Often, a question doesn’t have an easy answer in the digital advertising business. This is a column devoted to an answer to a single question or topic – and providing a bit of space for it.
Today’s participant is George John is CEO of Rocket Fuel, Inc., an online advertising network. He recently answered the following the question in a conversation with AdExchanger.com…
AdExchanger.com: What are the characteristics of the ideal startup employee?
GJ: First, let me start with this vibe that exists in Silicon Valley…. and some guys that talk about The Lean Startup. Eric Ries came up with it.
I think The Lean Startup misses what I think is the right approach, which is that it’s more The Scientific Startup – or a series of experiments and you’d have to have some idea of decision analysis around those. Like which experiments do you want to do versus which bets are you comfortable making? There’s really no way to test it besides building it, and that’s not a lean operation.
So in terms of the ideal employee in that framework, in my experience, there are different classes of roles within the startup that require either energy or expertise in different mixtures.
For example, really smart people can be told how display advertising works and they’ll be very creative at architecting solutions for some of our customers.

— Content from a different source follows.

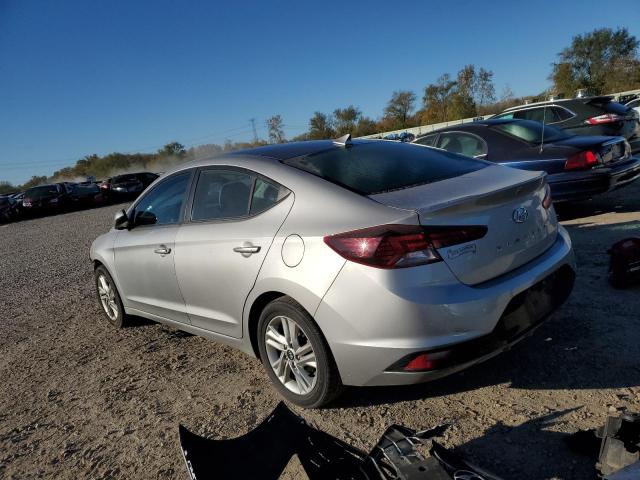 Photo 1 VIN: 5NPD84LF3LH555453 - HYUNDAI ELANTRA SE 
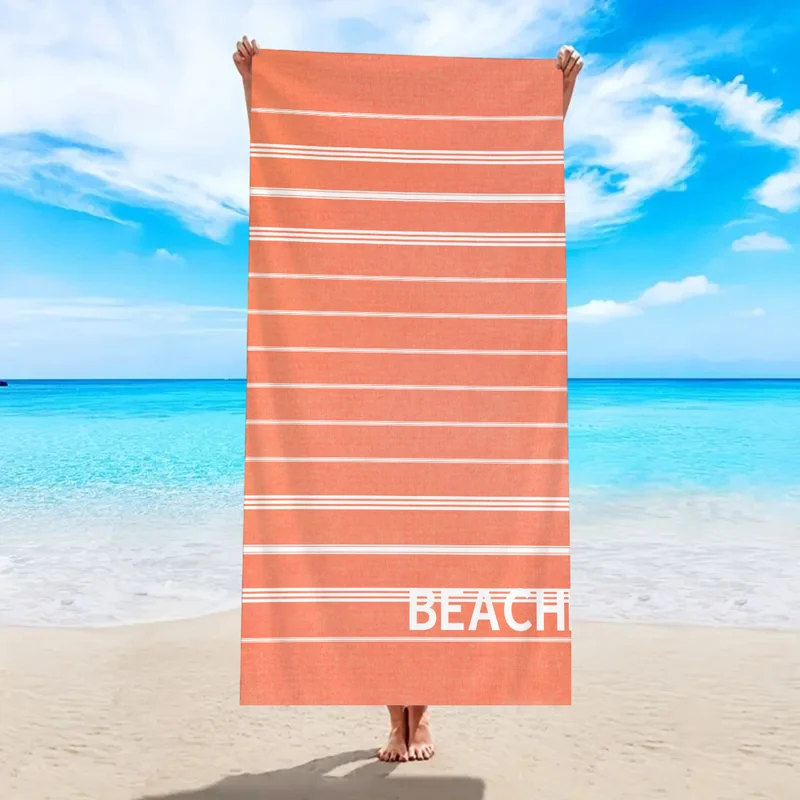 Strandtuch Skanto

But, there are other roles where you need expertise. You’re not going to take a really smart person and have him or her build a Hadoop data grid just by reading a book – so hiring lean doesn’t necessarily work.
The most important characteristics to me are actually intellectual honesty and courage – meaning, in a startup there are things that are going to work well and things that aren’t. That’s where the experiments come in.
Startup employees need to be honest with themselves: “We tried this new thing and it could’ve been so much better, but we didn’t notice X,” – whatever X was. Just being able to raise your hand and say, “OK, we should learn from this.” That’s key.
Also, it takes some courage to be able to tell somebody, “What you just did there, that didn’t work.”
My feeling is that when companies have difficulty executing, it’s less about being able to execute in a direction, and more about, how can you speed up this loop? This is Eric Ries’ point about Lean Startup. How can you speed up the loop where you notice things and then address them?
I’d say the key part is “noticing.” Startups talk about drinking their own Kool‑Aid. Ironically, the most important thing is to not do that. That’s the only way you can improve.
So, smart, honest, courageous – these are characteristics I’d look for.
But, there’s another flavor of the ideal employee – someone who is very intellectually curious. In fact, they may even aspire to join another private company or start their own company someday. The ones that really want to learn a lot are excellent, because you can nourish them really well in a private company environment.